Problem to work on
Skip the pictures, and retype the data below in full, exactly.

Data block

**********

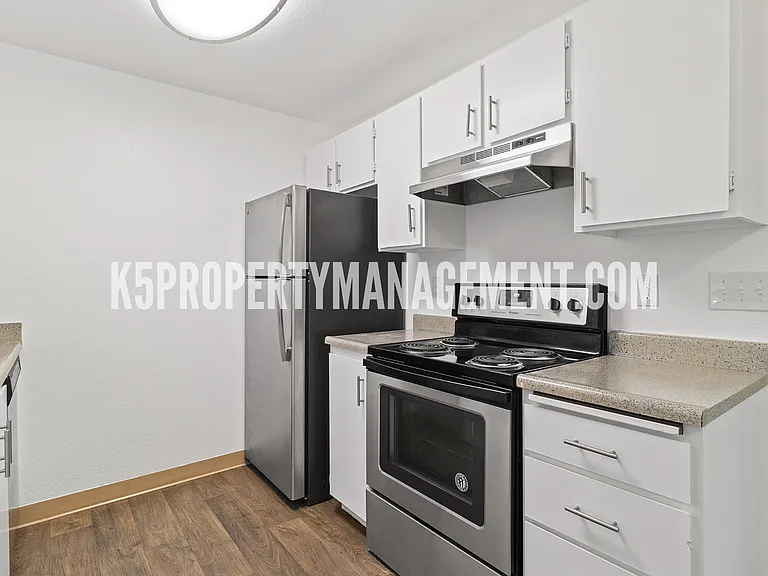 CEDAR MILL VILLAGE APARTMENTS — Photo 44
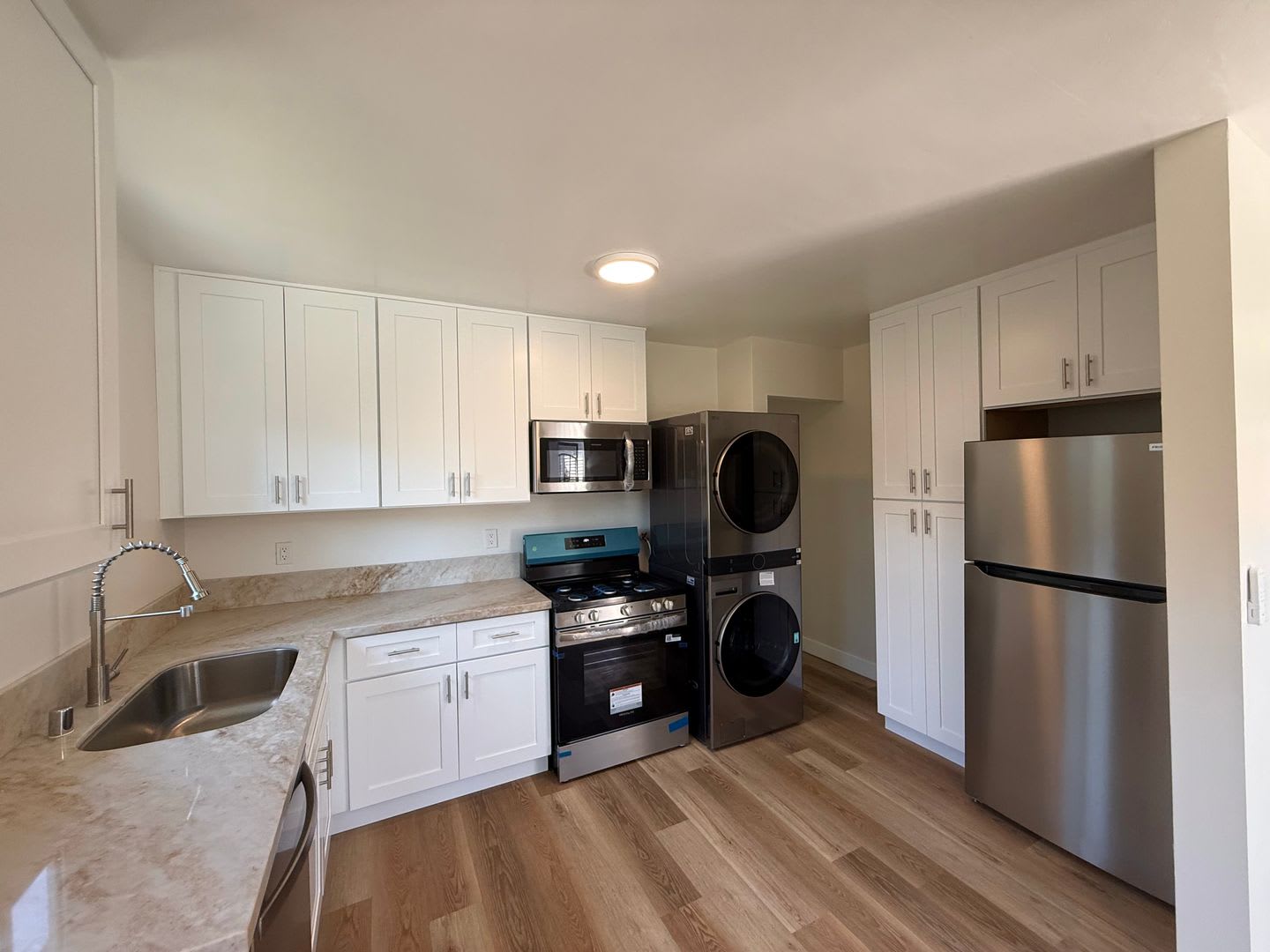 Completely Renovated 2 Bed / 1 Bath Back House – Move-In Ready! – photo 5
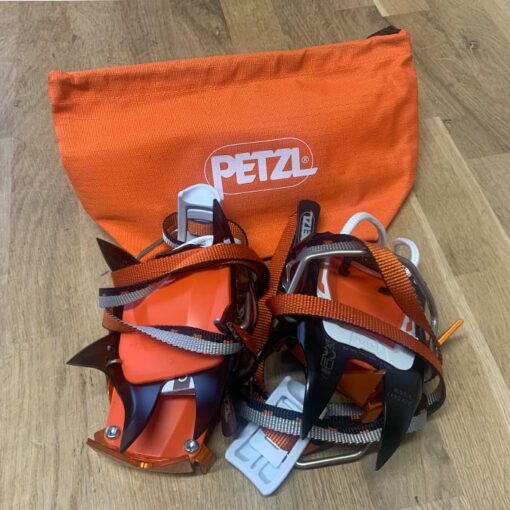 Petzl Steigeisentasche mit Cord-Tec Steigeisen.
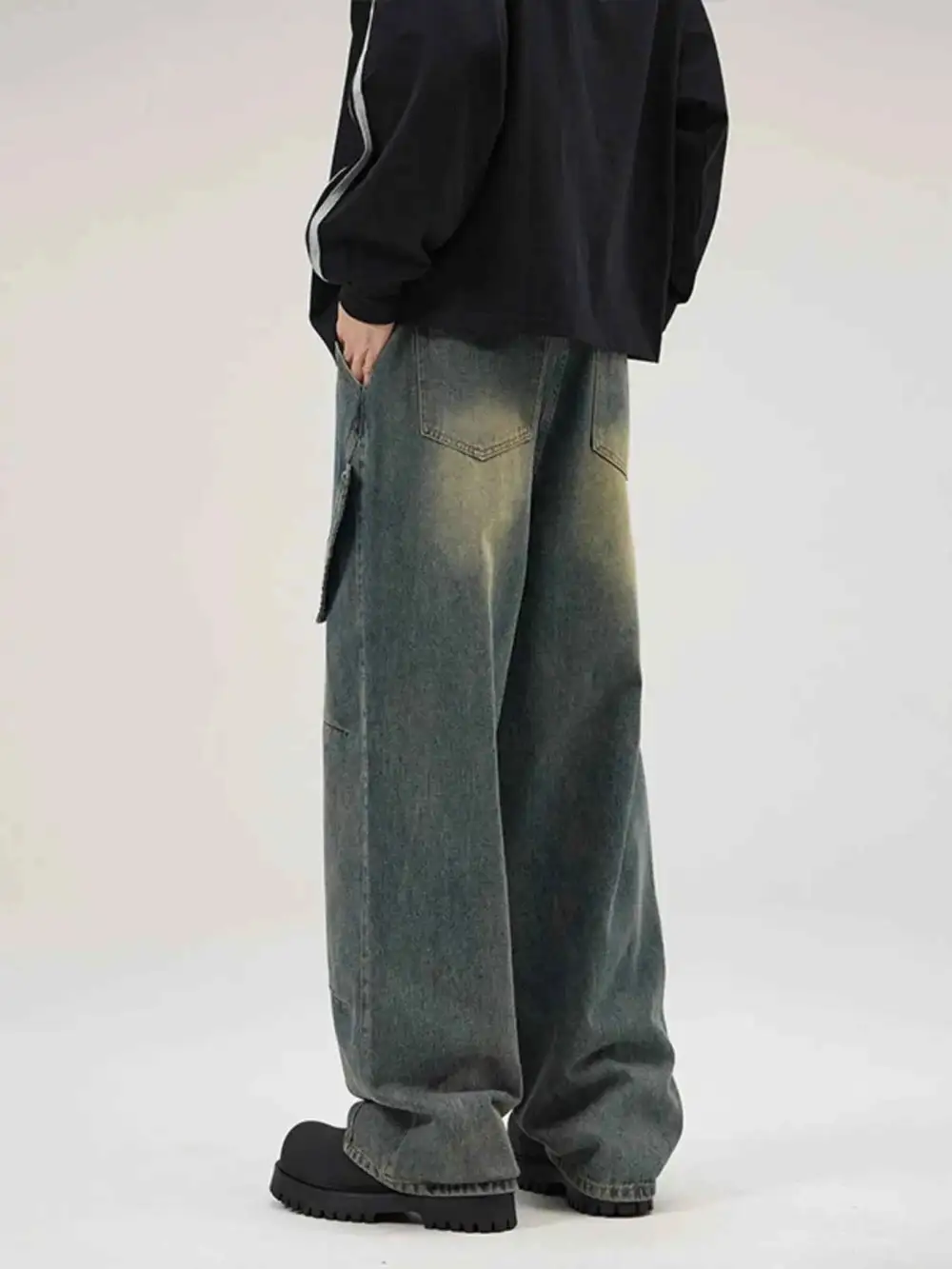 Washed Wide Leg Jeans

**********

Your solution
 CEDAR MILL VILLAGE APARTMENTS — Photo 44
 Completely Renovated 2 Bed / 1 Bath Back House – Move-In Ready! – photo 5
 Petzl Steigeisentasche mit Cord-Tec Steigeisen.
 Washed Wide Leg Jeans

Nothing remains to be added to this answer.